Yaratıcılık en başta bir bireysel iştir elbette, bir cesaret ve düzenli çaba meselesidir, gereğinde rezil olmayı göze alabilmeyi falan da gerektirir. Korkaklardan büyük sanatçı/yaratıcı bireylerin çıktığı hiç görülmemiştir. Ve yaratıcılığın burada bizim anladığımız anlamdaki, ilahi biçiminden ayırmadığımız hâli, yaratıcı bireyin "Ben/Ego" olmayı bırakıp "O" olduğu halidir. Bunun mistik açıklamasına ille de girmek gerekmez ama, Çinlilerin "Dao", Türklerin "Kayrakan" dediği, "Herşeyin ruhu"na teslim olmak gerekir. Bu çok önemli konuyu, ünlü ressam Emil Nolde, "Hiçbirşey'in içinden, onda olan herşeyi bulup çıkarmak, Tanrısal yaratıcı gücün mutluluğudur" gibi bir cümleyle anlatmaya çalışmıştır.
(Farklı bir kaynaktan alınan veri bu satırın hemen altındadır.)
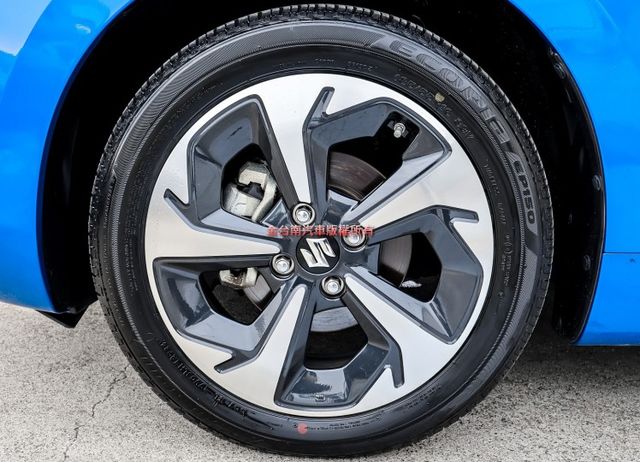 大改版✓25年式25年領牌✓一手只跑1千✓全車原板件✓ACC✓AEB✓車道維持✓車載系統✓恆溫✓iKEY✓可全貸✓  第7張相片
Kısacası, "Bırakın, yaratıcılığın kendisi sizin üzerinizden Dünyaya aksın" da diyebiliriz. Filozof Wilhelm Schmidt, "Ben" üzerinden düşünerek güdük bir yaratıcılığa ulaşılabildiğini, ama kendi egosunu rafa kaldıranların daha kapsamlı bir yaratıcılık sergileyebildiğini anlatır (yanılmıyorsam, okuduğum "Glück" adlı kitabından bu blogda bahsetmiştim).
Bir insanın Tanrısal/ilahi yaratıcılıkla çelişmeyen, kendi ego'sunun ötesinde bir yaratıcılık sergilediğini nasıl anlarız? Gerçek yaratıcılık, sizi kısıtlamaya/kontrole kalkışmaz, manipulasyona/yalana gerek duymaz. Bizim burada esas aldığımız ve destekleyeceğimiz sahici yaratıcılık, başka insanlara da özgürlük şartları altında ilham olan, insanları kendine bağımlı kılmak yerine özgürleştiren yaratıcılıktır. İşte o yaratıcılık, Türkiye'yi kanatlandıracak yaratıcılıktır.